___ INFORMATION SHOWN ___

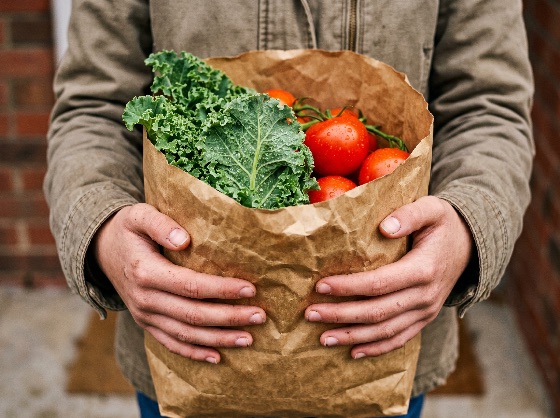 close-up, person, holding, brown, paper, grocery, bag, filled, with, fresh, organic, kale, and, ripe, red, tomatoes, the, vine, groceries, vegetables, healthy, shopping, food, sustainability, eco-friendly, local, produce, farm, table, nutrition, delivery, hands, market, harvest, vegan, vegetarian, cooking, ingredients, lifestyle, wellness, plastic-free, zero, waste, raw, natural, home, green, seasonal, diet, eco, drink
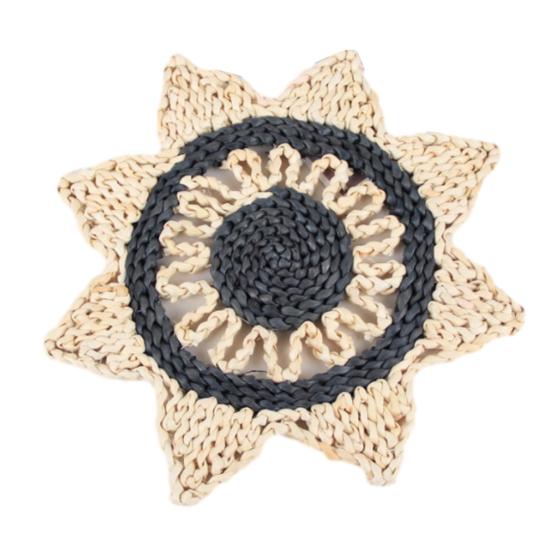 Многоразовая подставка под тарелку, термостойкая изоляционная салфетка, японская ручная работа, форма цветка, кукурузная шелуха, настольная салфетка для обеденного стола, нескользящая, пятноустойчивая подставка под стакан One Size E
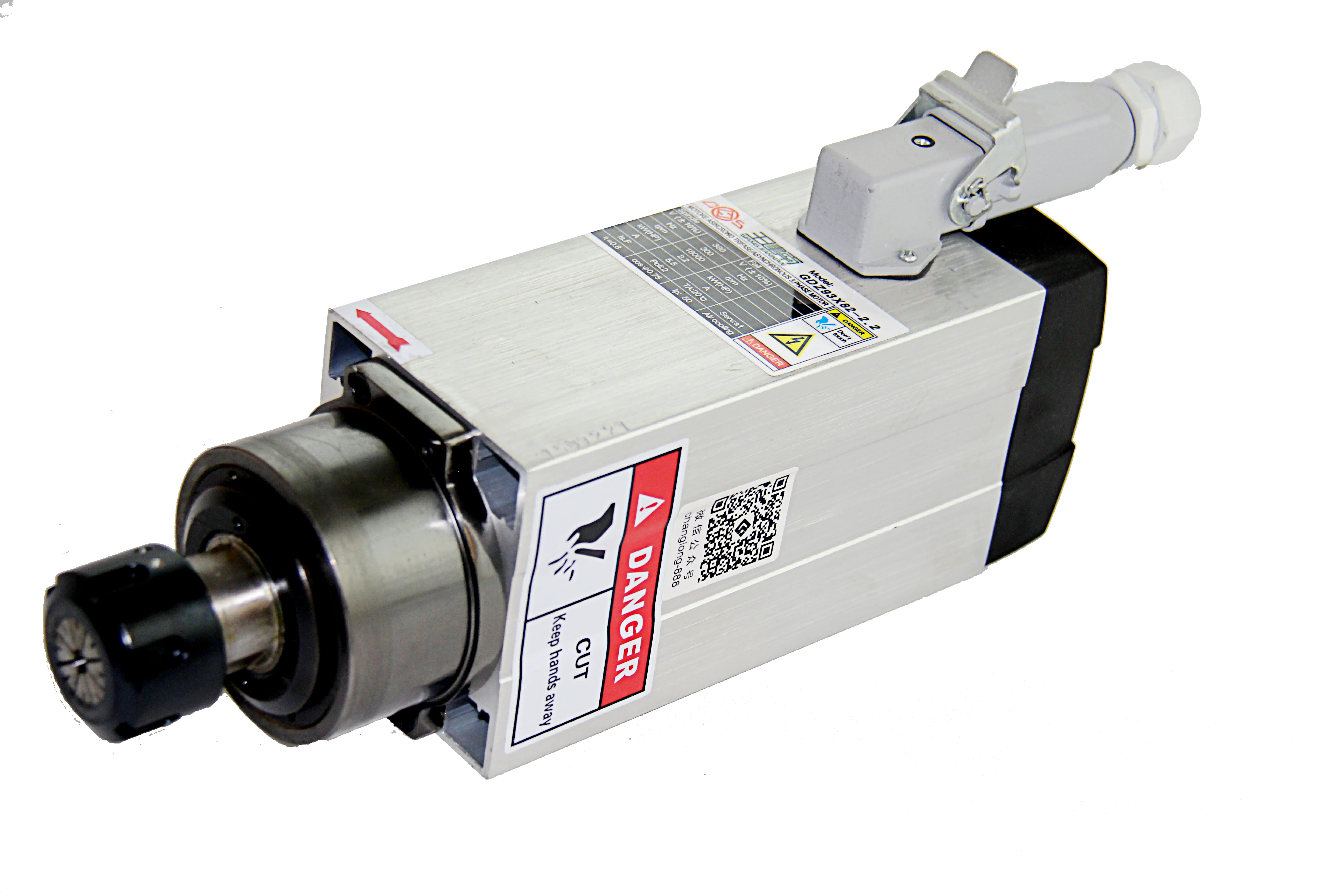 GDZ  2.2kw Spindle Motor for Cnc Machine Cooled by air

___

- INSTRUCTIONS FOR THE TASK -
Repeat each line of the material exactly, please, and skip every picture.

- ANSWER SPACE -
 close-up, person, holding, brown, paper, grocery, bag, filled, with, fresh, organic, kale, and, ripe, red, tomatoes, the, vine, groceries, vegetables, healthy, shopping, food, sustainability, eco-friendly, local, produce, farm, table, nutrition, delivery, hands, market, harvest, vegan, vegetarian, cooking, ingredients, lifestyle, wellness, plastic-free, zero, waste, raw, natural, home, green, seasonal, diet, eco, drink
 Многоразовая подставка под тарелку, термостойкая изоляционная салфетка, японская ручная работа, форма цветка, кукурузная шелуха, настольная салфетка для обеденного стола, нескользящая, пятноустойчивая подставка под стакан One Size E
 GDZ  2.2kw Spindle Motor for Cnc Machine Cooled by air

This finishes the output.